In a medium skillet combine the remaining 2 tablespoons vegetable oil with the cumin and mustard seeds. Cover the skillet and cook over medium heat until the seeds become fragrant and start popping, about 2 minutes. Reduce the heat to medium low and add the onion, chile, ginger and garam masala. Cook, stirring occasionally, until the onion is golden.

When the potatoes are tender, transfer them to a bowl and mash them with a potato masher or fork until mostly mashed with a few lumps (don’t overdo it or you will get gluey potatoes).

Add the cauliflower, onion mixture, peas, lemon juice, cilantro and salt to taste; stir until combined.

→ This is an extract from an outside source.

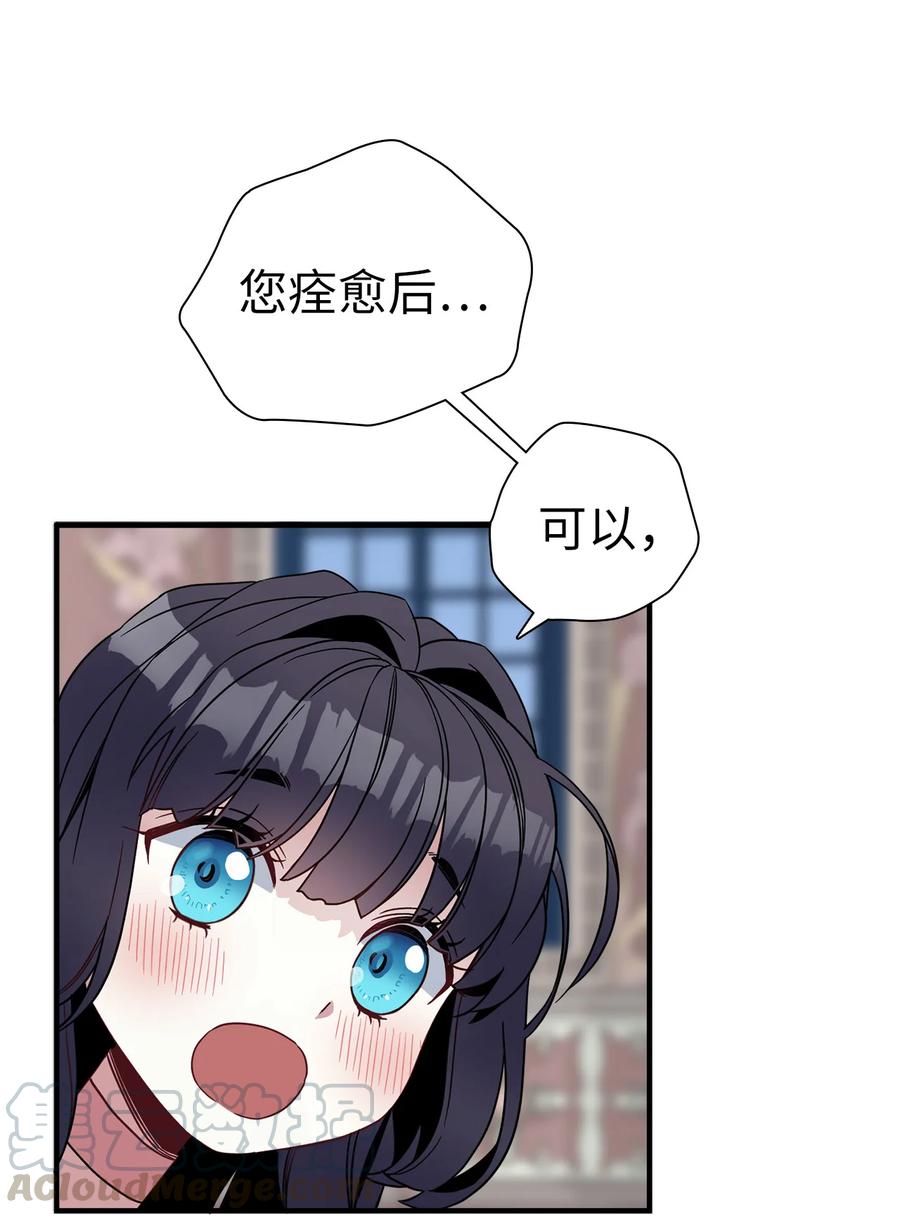 23 担心的魔镜48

Arrange 8 crepes on a cutting board and divide the potato mixture among them (about 1/4 cup per crepe). Roll up the crepes to enclose the filling and transfer them to the rimmed sheet, seam side down. Cover with foil and bake them on the middle shelf of the oven until hot, about 10 minutes.

Nutrition information per serving: 298 calories; 132 calories from fat; 15 g fat (2 g saturated; 0 g trans fats); 108 mg cholesterol; 320 mg sodium; 32 g carbohydrate; 6 g fiber; 6 g sugar; 11 g protein.